Zennie: Let me explain where I’m coming from so I don’t I’m not perceived as trying to move your thoughts or comment one way or the other: I’m not. I recall, in 2014, the rise of the – I call the money activists, who first attacked a similar issue in Portland and then it seemed to spread down through the west coast into Oakland.
And around that time it quite literally seemed like there was a seismic shift in the direction of development of the Oakland army base but adjunctly related to that seismic shift was this idea that oh we didn’t know the Oakland Bulk and Oversized Terminal was to handle commodities: iron ore core and so on.
And some of the people who said that, they were actually at the groundbreaking for Oakland global and I was there, but I have them on video, right? So that’s why I asked that question. It seems like there’s a an untold story here of the genesis of this political change and who started it, and how the city was really impacted by it.
David: What is irrefutable that at the time the city made its decision, the record was more than solid and complete and in the city’s own words and summaries of the project knew what what the market the majority of the market was moving at that point in time.

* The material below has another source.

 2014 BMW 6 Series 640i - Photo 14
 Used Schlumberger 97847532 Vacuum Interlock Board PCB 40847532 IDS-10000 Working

Zennie: So as we sit here today in the face of those denials it would seem that it’s one of two things: either people who were there at the time did not do their homework and understand what they were approving or they’re intentionally today changing their story
Out of respect for your time, is there anything else you want to add? I want to respect your time. I don’t know how much more time you have.
David: So I just think we’ve squandered enough on lawyers, it’s time to get the project back on track. The city already took a hit with the federal lawsuit, we’ll see what happens with its appeal the current lawsuit.
Zennie: I’m gonna come back to you later if that’s okay?